Thomas Bayes (1702-1761), was an English non-conformist minister (meaning a protestant minister not part of the established Church of England). His religious duties left him time for mathematical exploration, which he did for his own pleasure and amusement; he never published in his lifetime in his own name. After his death, his friend and executor, Richard Price, went through his papers and found an interesting result, which we now call Bayes' theorem.  Price presented it at the Royal Society and the result was shared with the mathematical community. 


(Plaque commemorating Thomas Bayes. Source: Wikimedia Commons Author:Simon Harriyott License: Creative Commons.)

For those of you who live in London, or visit London, you can visit the Thomas Bayes memorial in the historic Bunhill Cemetery where Bayes is buried. For the true probability pilgrim, it might also be worth visiting Richard Price's grave which is only a short distance away.

Bayes' theorem

The derivation of Bayes' theorem is almost trivial. From basic probability theory:

\[P(A  \cap B) = P(A) P(B | A)\]
\[P(A \cap B) =  P(B \cap A)\]

With some re-arranging we get the infamous theorem:

\[P(A | B) = \frac{P(B | A) P(A)}{P(B)}\]

Although this is the most compact version of the theorem, it's more usefully written as:

\[P(A | B) = \frac{P(B | A) P(A)}{P(B \cap A) + P(B \cap \bar A)} = \frac{P(B | A)P(A)}{P(B | A)P(A) + P(B | \bar A) P( \bar A)}\]

where \(\bar A\) means not A (remember \(1 = P(A) + P(\bar A)\)). You can get this second form of Bayes using the law of total probability and the multiplication rule (see my previous blog post).

So what does it all mean and why is there so much excitement over something so trivial?

What does Bayes' theorem mean?

The core idea of Bayesian statistics is that we update our prior beliefs as new data becomes available - we go from the prior to the posterior. This process is often iterative and is called the diachronic interpretation of Bayes theorem. It usually requires some computation; something that's reasonable to do given today's computing power and the free availability of numeric computing languages. This form of Bayes is often written:

\[P(H | D) = \frac{P(D | H) P(H)}{P(D)}\]

with these definitions:

  • P(H) - the probability of the hypothesis before the new data - often called the prior
  • P(H | D) - the probability of the hypothesis after the data - the posterior
  • P(D | H) - the probability of the data under the hypothesis, the likelihood
  • P(D) - the probability of the data, it's called the normalizing constant

A good example of the use of Bayes' theorem is its use to better quantify the health risk an individual faces from a disease. Let's say the risk of suffering a heart attack in any year is P(HA), however, this is for the population as a whole (the prior). If someone smokes, the probability becomes P(HA | S), which is the posterior, which may be considerably different from P(HA). 

Let's use some examples to figure out how Bayes works in practice.

The disease example using Bayes

Let's start from this version of Bayes:

\[P(A | B) = \frac{P(B | A)P(A)}{P(B | A)P(A) + P(B | \bar A) P( \bar A)}\]

and use the notation from our disease example:

\[P(D+ | T+) = \frac{P(T+ | D+)P(D+)}{P(T+ | D+)P(D+) + P(T+ | D-) P( D-)}\]

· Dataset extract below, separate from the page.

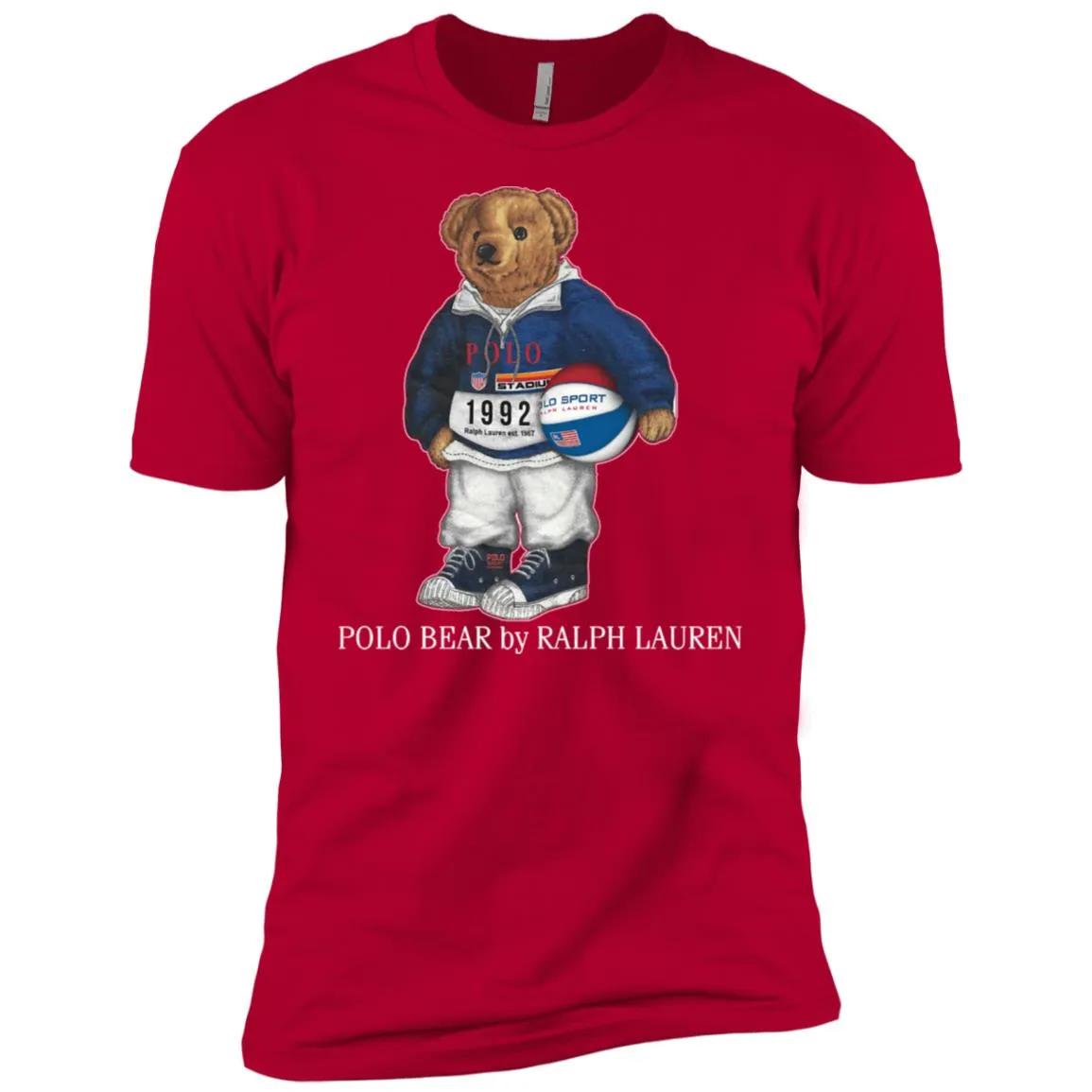 Ralph Lauren Polo Bear T-shirt Men Short Sleeve T-Shirt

Here's what we know from our previous disease example:

  • P(D+) = 0.01 and by implication P(D-) = 0.99
  • P(T+ | D+) = 0.99 
  • P(T- | D-) = 0.99 and by implication P(T+ | D-) = 0.01

Plugging in the numbers:

\[P(D+ | T+) = \frac{0.99\times0.01}{0.99\times0.01 + 0.01\times0.99} = 0.5\]

The decision tree is easier for a human to understand, but if there are a large number of conditions, it becomes much harder to use. For a computer on the other hand, the Bayes solution is straightforward to code and it's expandable for a large number of conditions.

Predicting US presidential election results

I've blogged a lot about this, but not about using Bayesian methods. The basic concepts are fairly simple.

  • To predict a winner, you need to model the electoral college, which implies a state-by-state forecast.
  • For each state, you know who won last time, so you have a prior in the Bayesian sense.
  • In competitive states, there are a number of opinion polls that provide evidence of voter intention, this is the data or normalizing constant in Bayes-speak.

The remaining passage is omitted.